Gerade weil Coty so groß ist, verfügen sie über Spezialisten und haben Zugriff auf die besten Leute. Ich durfte mit Daniela Andrier zusammenarbeiten – sie ist ein Weltstar unter den Parfümeuren. Sie wurde in Heidelberg geboren, keine 80 Kilometer von meinem Geburtsort Pforzheim entfernt. Ich mag Danielas Haltung: Sie findet, dass zu viele Düfte gemacht werden, die nur auf Zielgruppen ausgerichtet sind, mit einer zu kurzen Lebensdauer. Sie kreierte gemeinsam mit Antoine Maisondieu, einem weiteren Spitzenparfümeur, maßgeblich unseren Duft.

Angeblich wechseln gerade Männer ihren Duft nicht gerne, wenn sie erst mal einen gefunden haben.

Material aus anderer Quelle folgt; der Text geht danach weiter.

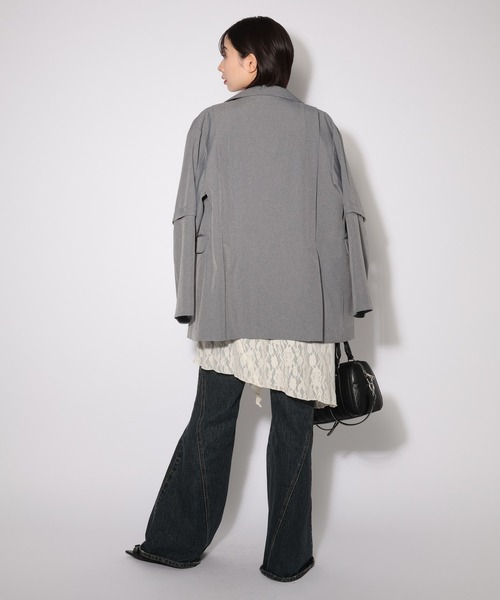 PAGEBOY（ページボーイ）の「カットレースキャミワンピース（チュニック・レディース・オフホワイト/ブラック・FREE）」の6枚目の写真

Deswegen wehen vielen Herren die Achtzigerjahre noch in Form von »Cool Water« hinterher.
Mir sind Menschen sympathisch, die stets den gleichen Duft benutzen, weil man sie dann mit diesem Geruch assoziiert.

Aber wie wollen Sie diese Männer locken?

Ich ziele nicht in die Breite, weil ich den ganzen Marketing-Ansatz ablehne, bei dem man sich zuerst fragt, was sich wohl gut verkaufen würde. Ich will das Gegenteil: etwas Besonderes, so einzigartig wie möglich, je spezieller, desto besser. Etwas, was die Zeit überdauert. Damit versuchen wir zu verführen, wen wir verführen können. Und der Rest? Nun, ich kann nicht jeden glücklich machen.